Non sappiamo come andrà a finire la telenovela sul Taranto calcio ma sembra di vedere un film già visto.

Qui non si vuole entrare nel merito della vicenda perché essa, indipendentemente dai fatti, suggerisce la triste attitudine di una città dotata di una straordinaria coazione alla mediocrità che ne determina ogni scelta, finanche di tipo sportivo.

Avete sentito mai un tarantino sognare la serie A? No, ma posso sbagliarmi. Il tarantino sogna la serie B, la ritiene la giusta collocazione per una piazza “con pretese ben più alte della serie D”.

Alla faccia delle pretese, anche quando sognare (o ambire se vogliamo) non costa niente, il tarantino sogna un futuro radioso in seconda classe perché neanche psicologicamente si sente pronto ad immaginare la serie A.

Avete mai visto un tarantino provare la titanica impresa di coagulare intorno a sé una cordata di imprenditori stranieri come ha fatto Gianluca Paparesta con il Bari o la Bari che dir si voglia?

Macché, Taranto mica aspetta la cordata straniera animata da grandi progetti, perché manco ci arriva a parlare con la finanza che conta.

Taranto ambisce al massimo al piccolo Papa Straniero di provincia, degnissimo ed onestissimo per carità, pronto a mettere due spicci e  preoccupato di capire bene a quante centinaia di migliaia di euro ammonta il debito della precedente gestione, perché altrimenti si rovina.

Insomma mica Thohir e neanche un pochino di meno perché Taranto il massimo che riesce a trovare è una cordata di persone pronte ad impegnarsi con cuore, passione e poco più per sognare il risultatuccio modesto e fare contenta una città talmente innamorata dei propri colori da accontentarsi ed entusiasmarsi con poco. 

E c’è da considerarsi pure fortunati perché con la banda di lestofanti, squattrinati e maestri del fallimento che la storia calcistica tarantina ben ricorda, bisogna pregare la Madonna del Carmine di non incappare nei soliti pataccari sempre pronti a scendere in riva allo Jonio.

Questo è l’obiettivo minimo e, cosa drammatica, questo è anche l’obiettivo massimo con sullo scorcio il sogno proibito della serie B e magari di un agguerritissimo derby con il Martina Franca o il Grottaglie.

Taranto non sogna di ospitare il Real Madrid e questa è un’attitudine che rimane radicata anche nella vita reale, nelle vicende extra calcistiche. Taranto è una realtà di poche pretese che chiacchiera ma che punta al basso anche quando chiacchiera.

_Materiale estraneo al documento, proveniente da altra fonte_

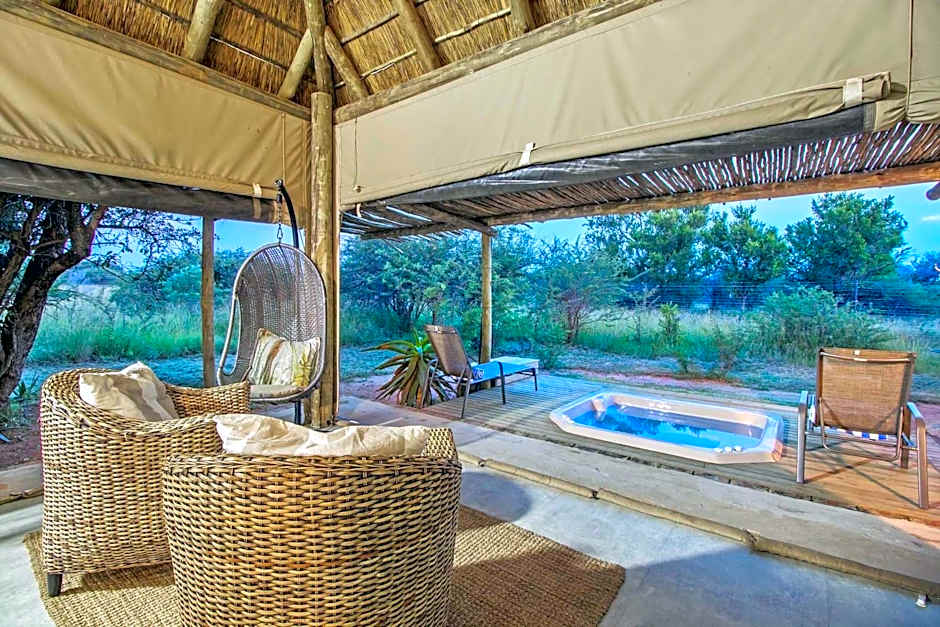 LookOut Safari Lodge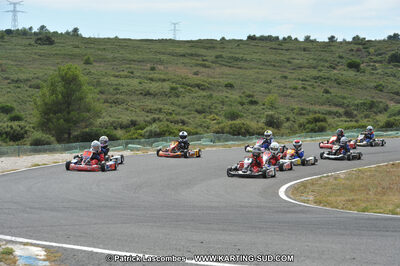 27&28/08/2011 : 5ème Coupe de l’amitié à Grabels (Photos Patrick Lascombes) 2011 — karting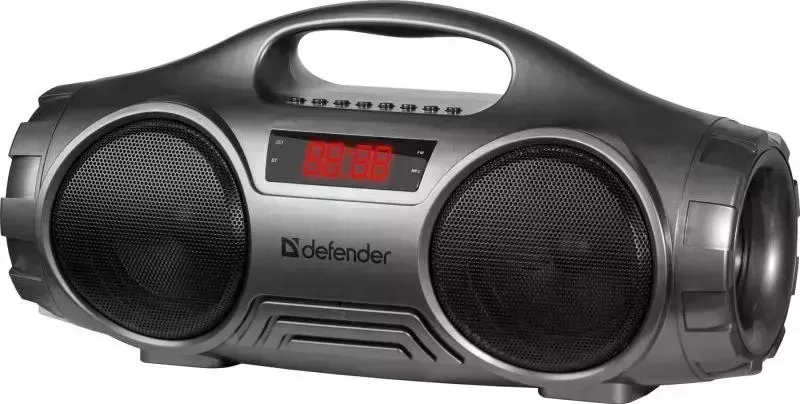 Портативная акустика DEFENDER G100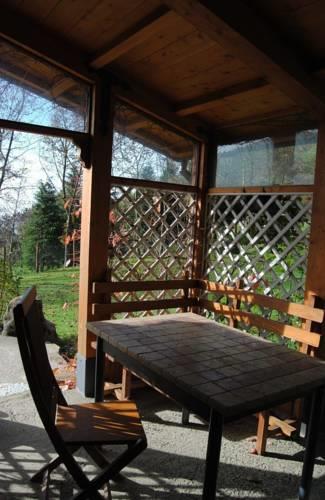 Апартаменты Holiday home Fontanile
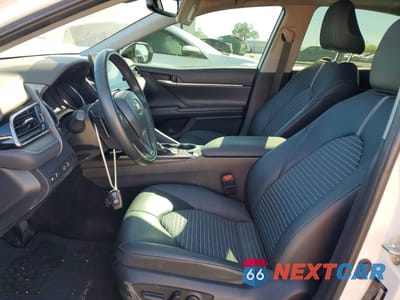 Zdjęcie 7 z 13 samochodu: 2024 TOYOTA CAMRY HYBRID SE VIN:4T1S31AK1RU064703 - miniatura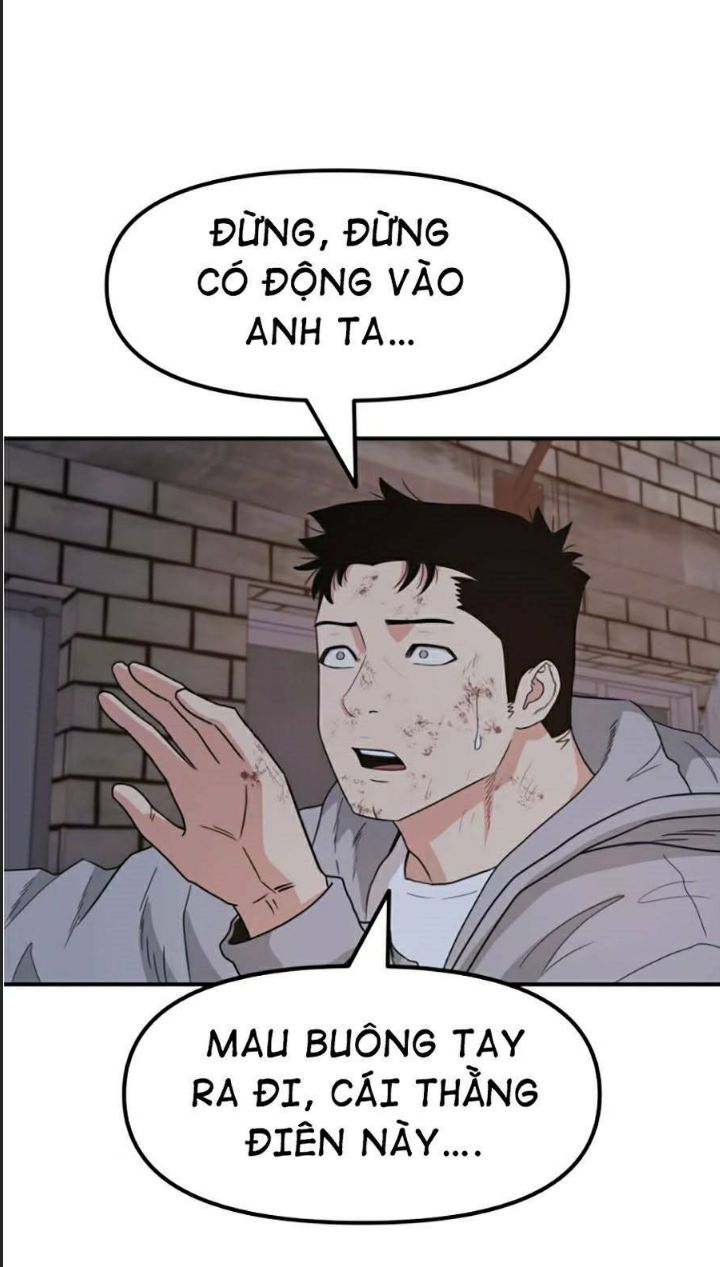 Bạn Trai Võ Sĩ Chap 20 - Next Chap 21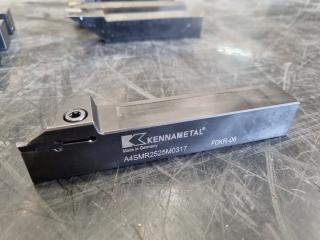 Kennametal Lathe Turning Tool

Per quanti anni abbiamo avuto come massima ambizione quella di fare i padroncini contoterzisti per Italsider accontentandoci dello “stipendio fisso” che il siderurgico ci poteva assicurare? E quando mai i nostri “imprenditori” hanno considerato le commesse della ferriera come punto di partenza per espandersi ed uscire dalla logica della mono committenza? Quanti soloni dalle tv private hanno cianciato per anni di portualità, piastre logistiche, interporti e strategie di sviluppo rimaste lettera morta per indolenza ed incapacità di pensare in grande? Quante volte abbiamo assistito al vacuo ritornello del “turismo come volano di sviluppo basato sulle ricchezze paesaggistiche, enogastronomiche, culturali ed archeologiche”? Ve li ricordate quelli che recitavano “a mitraglietta” questa filastrocca senza riempirla di contenuto o di azioni concrete che dessero un senso ad una frase altrimenti non significa nulla? E le supercazzole del Grande Salento ve le ricordate? E l’eterna promessa di una sanità di qualità o di un polo universitario autonomo? Chiacchiere per riempire le conferenze stampa o vincere la noia di un afoso pomeriggio di Agosto.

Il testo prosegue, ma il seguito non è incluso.